A recent photo of a man and his daughter who drowned while trying to enter the United States has sparked global outcry. The pair were reported to have travelled from El Salvador to Mexico, and were crossing the Rio Grande to seek asylum in the United States. On 28 June, the United Nations stated that over the past four years, one migrant child died almost daily while fleeing insecurity and trying to reach safety.
According to the International Organisation for Migration (IOM), at least 32,000 migrants, including 1,600 children have died since 2014 on these journeys.
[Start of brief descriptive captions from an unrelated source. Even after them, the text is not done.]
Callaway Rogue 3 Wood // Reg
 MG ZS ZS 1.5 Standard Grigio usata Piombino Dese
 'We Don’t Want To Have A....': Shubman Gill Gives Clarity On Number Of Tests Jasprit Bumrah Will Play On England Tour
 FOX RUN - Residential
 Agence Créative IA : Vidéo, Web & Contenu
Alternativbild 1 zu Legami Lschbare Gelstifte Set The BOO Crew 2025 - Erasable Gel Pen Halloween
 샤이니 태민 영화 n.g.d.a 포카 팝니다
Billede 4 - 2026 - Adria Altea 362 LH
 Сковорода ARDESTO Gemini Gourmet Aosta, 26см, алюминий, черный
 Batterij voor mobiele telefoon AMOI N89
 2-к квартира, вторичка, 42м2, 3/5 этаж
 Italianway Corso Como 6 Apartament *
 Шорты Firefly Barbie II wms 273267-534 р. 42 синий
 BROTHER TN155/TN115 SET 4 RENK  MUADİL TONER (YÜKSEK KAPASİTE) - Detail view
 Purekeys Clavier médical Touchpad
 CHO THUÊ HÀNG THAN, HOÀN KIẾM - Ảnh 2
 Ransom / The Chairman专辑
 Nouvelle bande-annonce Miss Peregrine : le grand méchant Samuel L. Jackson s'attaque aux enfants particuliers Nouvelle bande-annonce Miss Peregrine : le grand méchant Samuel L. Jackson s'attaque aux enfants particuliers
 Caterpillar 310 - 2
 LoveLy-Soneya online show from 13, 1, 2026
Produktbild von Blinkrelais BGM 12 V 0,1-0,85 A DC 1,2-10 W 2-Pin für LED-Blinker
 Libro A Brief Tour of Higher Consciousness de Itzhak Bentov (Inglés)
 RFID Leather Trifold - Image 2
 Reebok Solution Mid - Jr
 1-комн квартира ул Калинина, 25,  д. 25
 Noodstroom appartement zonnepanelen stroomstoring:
The actual number of deaths is likely higher, as IOM started recording migrant casualties and disappearances only in 2014.
The heart-breaking photograph of Oscar Alberto Martinez, a 25-year-old father, and his 24-month-old daughter, Angie Valeria, spotlighted the dangers facing the 70 million forcibly displaced people in the world, the majority of which are reported to be children, who decide to undertake treacherous journeys for a better future.
According to the United States Border Patrol, 283 migrant fatalities were recorded on the Mexican-US border in 2018. Activists, however, believe that the actual number of fatalities is much higher as the bodies of many migrants who die along the 3,138-kilometre long border are never found.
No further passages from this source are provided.